Start of Data to examine

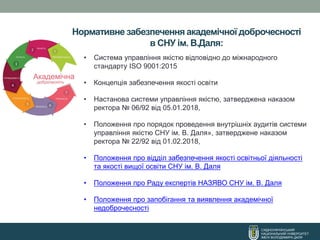СХІДНОУКРАЇНСЬКИЙ
НАЦІОНАЛЬНИЙ УНІВЕРСИТЕТ
ІМЕНІ ВОЛОДИМИРА ДАЛЯ
Нормативне забезпечення академічної доброчесності
в СНУ ім. В.Даля:
• Система управління якістю відповідно до міжнародного
стандарту ISO 9001:2015
• Концепція забезпечення якості освіти
• Настанова системи управління якістю, затверджена наказом
ректора № 06/92 від 05.01.2018,
• Положення про порядок проведення внутрішніх аудитів системи
управління якістю СНУ ім. В. Даля», затверджене наказом
ректора № 22/92 від 01.02.2018,
• Положення про відділ забезпечення якості освітньої діяльності
та якості вищої освіти СНУ ім. В. Даля
• Положення про Раду експертів НАЗЯВО СНУ ім. В. Даля
• Положення про запобігання та виявлення академічної
недоброчесності
 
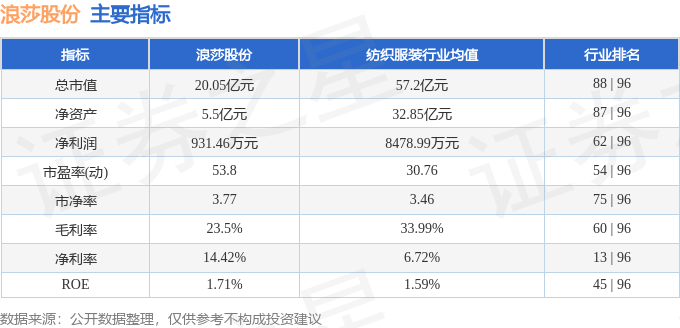股票行情快报：浪莎股份（600137）8月20日主力资金净买入320.71万元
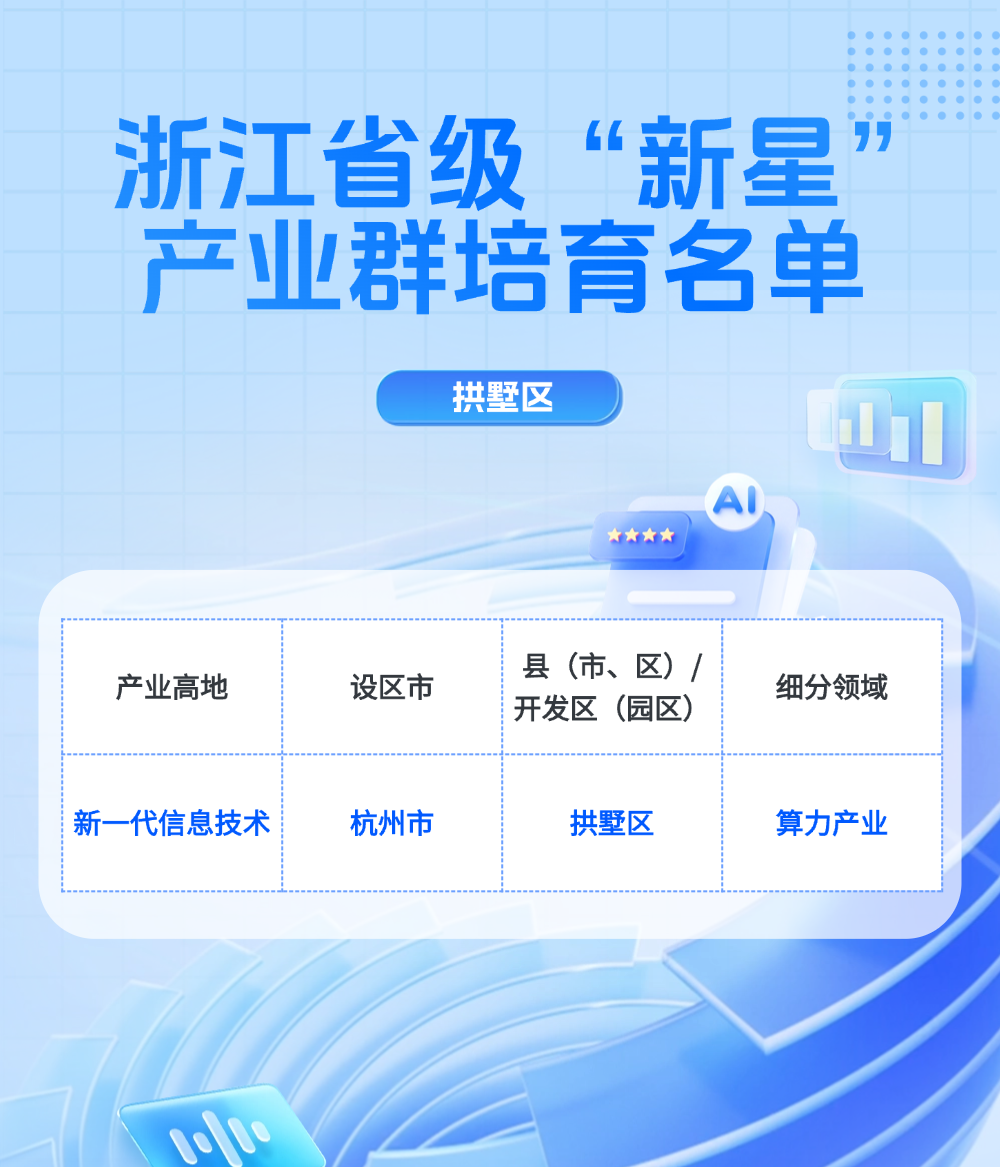 AI峰会邀请函科技感玻璃风小红书封面.png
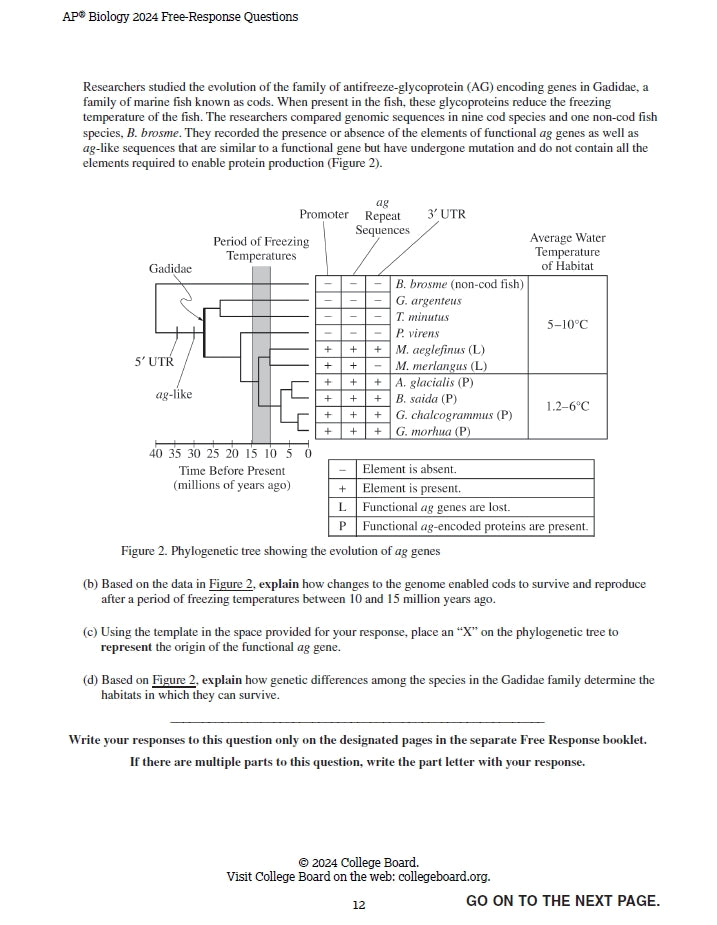 AP Biology - 13 Official Full Exam Papers from Year 2002 to 2024 with Answer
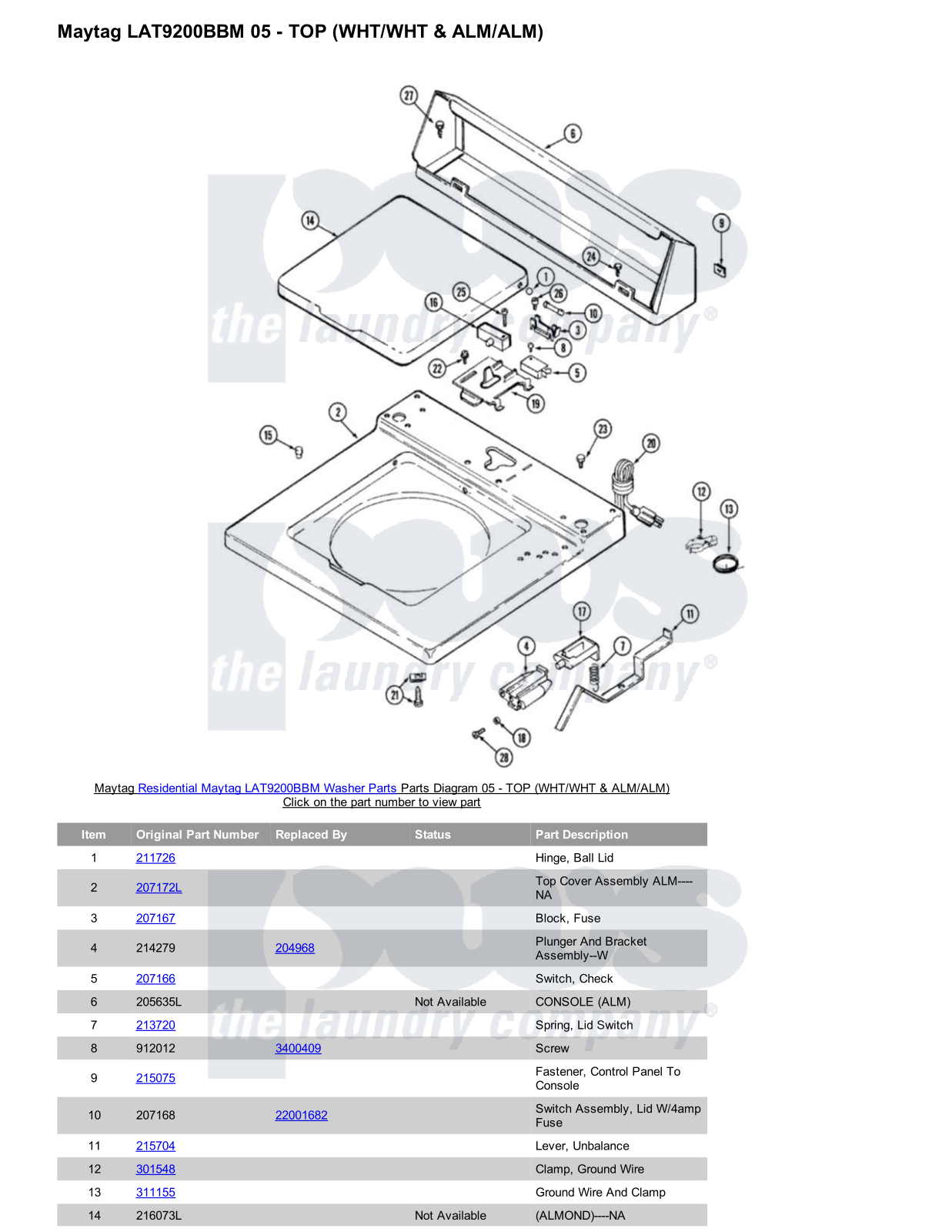 Maytag LAT9200BBM Parts Diagram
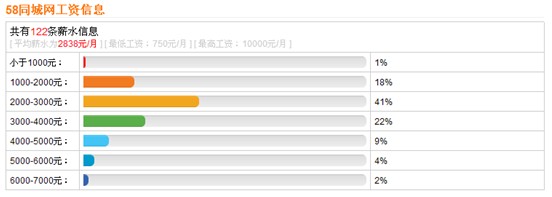 58同城模式之痛:都是人多惹的禍?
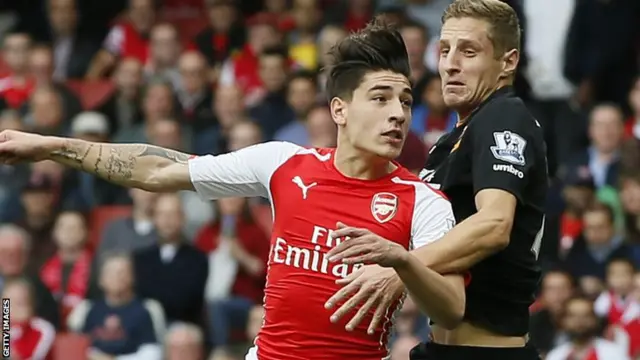 Hector Bellerin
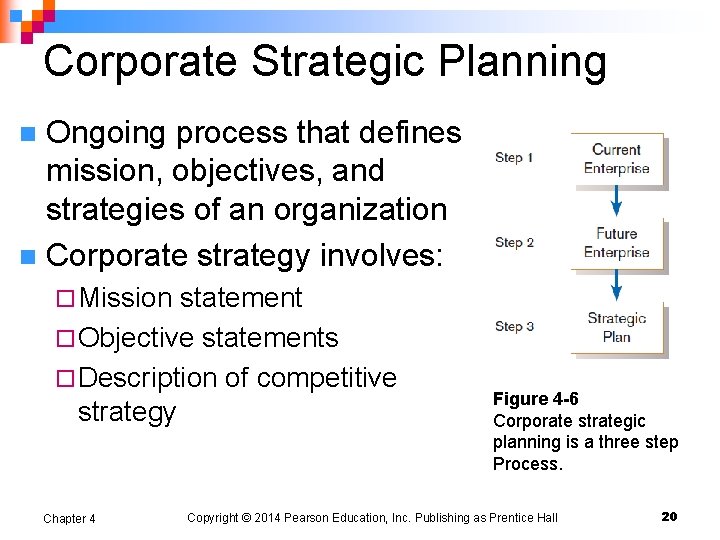 Corporate Strategic Planning Ongoing process that defines mission, objectives, and strategies of an organization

End of Data to examine

** What you have to do **
Pictures excluded, output exactly the line that contains "якості освітньої діяльності" and every line after it to the end of the data above.

** Response below **
• Положення про відділ забезпечення якості освітньої діяльності
та якості вищої освіти СНУ ім. В. Даля
• Положення про Раду експертів НАЗЯВО СНУ ім. В. Даля
• Положення про запобігання та виявлення академічної
недоброчесності
 
股票行情快报：浪莎股份（600137）8月20日主力资金净买入320.71万元
 AI峰会邀请函科技感玻璃风小红书封面.png
 AP Biology - 13 Official Full Exam Papers from Year 2002 to 2024 with Answer
 Maytag LAT9200BBM Parts Diagram
 58同城模式之痛:都是人多惹的禍?
 Hector Bellerin
 Corporate Strategic Planning Ongoing process that defines mission, objectives, and strategies of an organization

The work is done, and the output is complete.